### Exercise data

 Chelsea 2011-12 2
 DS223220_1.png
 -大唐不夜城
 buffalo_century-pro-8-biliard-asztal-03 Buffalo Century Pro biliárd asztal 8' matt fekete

### Problem to work on
Your answer should be the data above, retyped in full and unaltered.

### Exercise solution
 Chelsea 2011-12 2
 DS223220_1.png
 -大唐不夜城
 buffalo_century-pro-8-biliard-asztal-03 Buffalo Century Pro biliárd asztal 8' matt fekete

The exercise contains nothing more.